What you return should be exactly the lines from the one containing "al fondo. Cubo" down to the final line of the listing, with nothing else.

--------------------------------

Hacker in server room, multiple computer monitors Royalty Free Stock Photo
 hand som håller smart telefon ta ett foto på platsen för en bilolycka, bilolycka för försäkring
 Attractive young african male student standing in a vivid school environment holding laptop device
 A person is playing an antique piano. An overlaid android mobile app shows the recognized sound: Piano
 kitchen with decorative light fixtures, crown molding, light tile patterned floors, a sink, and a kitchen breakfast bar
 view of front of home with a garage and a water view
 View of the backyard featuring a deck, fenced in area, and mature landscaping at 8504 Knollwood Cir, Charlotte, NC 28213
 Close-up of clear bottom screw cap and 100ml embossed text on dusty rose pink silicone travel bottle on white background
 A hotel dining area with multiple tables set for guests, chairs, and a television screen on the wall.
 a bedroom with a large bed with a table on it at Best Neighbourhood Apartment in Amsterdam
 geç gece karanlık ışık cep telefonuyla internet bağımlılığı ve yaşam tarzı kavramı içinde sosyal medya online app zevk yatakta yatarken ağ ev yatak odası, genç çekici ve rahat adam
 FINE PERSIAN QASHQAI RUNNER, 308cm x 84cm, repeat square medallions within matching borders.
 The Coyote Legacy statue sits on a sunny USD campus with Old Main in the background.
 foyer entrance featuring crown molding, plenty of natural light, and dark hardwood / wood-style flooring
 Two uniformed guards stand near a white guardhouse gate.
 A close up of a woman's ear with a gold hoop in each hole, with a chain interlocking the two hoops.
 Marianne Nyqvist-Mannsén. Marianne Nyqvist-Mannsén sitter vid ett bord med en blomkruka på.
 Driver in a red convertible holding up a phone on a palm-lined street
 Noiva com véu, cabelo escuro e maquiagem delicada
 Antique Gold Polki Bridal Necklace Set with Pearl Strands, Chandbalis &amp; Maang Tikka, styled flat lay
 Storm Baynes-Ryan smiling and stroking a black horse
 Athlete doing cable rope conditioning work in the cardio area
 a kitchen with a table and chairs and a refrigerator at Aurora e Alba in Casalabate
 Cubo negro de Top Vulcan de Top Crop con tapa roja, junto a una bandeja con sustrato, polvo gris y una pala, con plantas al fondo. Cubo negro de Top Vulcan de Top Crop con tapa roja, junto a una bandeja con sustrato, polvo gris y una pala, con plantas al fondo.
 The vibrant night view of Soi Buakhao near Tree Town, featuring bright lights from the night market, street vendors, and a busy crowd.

--------------------------------

* ANSWER TO THE PROBLEM *
 Cubo negro de Top Vulcan de Top Crop con tapa roja, junto a una bandeja con sustrato, polvo gris y una pala, con plantas al fondo. Cubo negro de Top Vulcan de Top Crop con tapa roja, junto a una bandeja con sustrato, polvo gris y una pala, con plantas al fondo.
 The vibrant night view of Soi Buakhao near Tree Town, featuring bright lights from the night market, street vendors, and a busy crowd.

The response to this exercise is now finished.